# XGBoost运行示例

以下示例仅用于说明XGBoost的工作流程，目前仅支持单机测试。

加载数据集

In [43]:
import pandas as pd
import os
from PSI import PSICompany, PSIPartner

project_dir = os.path.dirname(os.path.abspath(''))
data_dir = os.path.join(project_dir, 'Datasets', 'data', 'data')
host_data = pd.read_csv(os.path.join(data_dir, 'breast_hetero_host.csv'))
guest_data = pd.read_csv(os.path.join(data_dir, 'breast_hetero_guest.csv'))

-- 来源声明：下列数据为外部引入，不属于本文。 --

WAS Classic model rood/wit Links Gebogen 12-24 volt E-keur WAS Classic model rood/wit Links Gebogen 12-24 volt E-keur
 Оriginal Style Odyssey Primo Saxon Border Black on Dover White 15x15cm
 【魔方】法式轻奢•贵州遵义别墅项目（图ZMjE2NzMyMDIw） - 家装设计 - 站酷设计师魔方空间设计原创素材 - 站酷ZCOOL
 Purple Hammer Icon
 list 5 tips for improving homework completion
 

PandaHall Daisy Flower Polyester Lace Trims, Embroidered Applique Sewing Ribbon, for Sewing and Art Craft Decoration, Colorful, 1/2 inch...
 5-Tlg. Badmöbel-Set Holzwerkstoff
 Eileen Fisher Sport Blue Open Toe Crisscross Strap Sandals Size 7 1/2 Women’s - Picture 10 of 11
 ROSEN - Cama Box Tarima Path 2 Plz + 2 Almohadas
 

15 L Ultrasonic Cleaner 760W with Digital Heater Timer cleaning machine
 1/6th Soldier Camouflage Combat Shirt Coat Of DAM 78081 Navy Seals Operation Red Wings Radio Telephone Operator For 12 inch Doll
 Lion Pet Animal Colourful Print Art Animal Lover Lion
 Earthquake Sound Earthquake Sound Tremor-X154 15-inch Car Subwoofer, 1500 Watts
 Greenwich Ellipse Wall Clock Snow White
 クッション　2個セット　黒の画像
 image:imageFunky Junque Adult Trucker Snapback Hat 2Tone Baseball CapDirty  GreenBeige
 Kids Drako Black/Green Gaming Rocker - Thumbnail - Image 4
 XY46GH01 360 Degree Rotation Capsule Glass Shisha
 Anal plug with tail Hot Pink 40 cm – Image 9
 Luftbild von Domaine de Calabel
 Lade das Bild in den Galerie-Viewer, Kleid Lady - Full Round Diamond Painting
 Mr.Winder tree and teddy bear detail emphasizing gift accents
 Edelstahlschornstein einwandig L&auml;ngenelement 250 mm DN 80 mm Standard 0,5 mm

company_key, company_features = host_data['id'], host_data.drop(columns=['id'])
partner_key, partner_features = guest_data['id'], guest_data.drop(columns=['id'])
company_key = company_key.astype(str)
partner_key = partner_key.astype(str)
company_features = company_features.to_numpy()
partner_features = partner_features.to_numpy()

XGBoost需要在PSI开始之前预先分桶

In [None]:
from XGBoost import quantize_buckets
import numpy as np

Quantiles1, _, buckets_labels1 = quantize_buckets(company_features, k=50)
Quantiles2, _, buckets_labels2 = quantize_buckets(partner_features[:,:-1], k=50) #最后一列是y无需分桶
pass

PSI

注意此处每条数据每个属性的分桶标签作为public_features传入

In [45]:
company = PSICompany(company_key, company_features, buckets_labels1)
partner = PSIPartner(partner_key, partner_features, buckets_labels2)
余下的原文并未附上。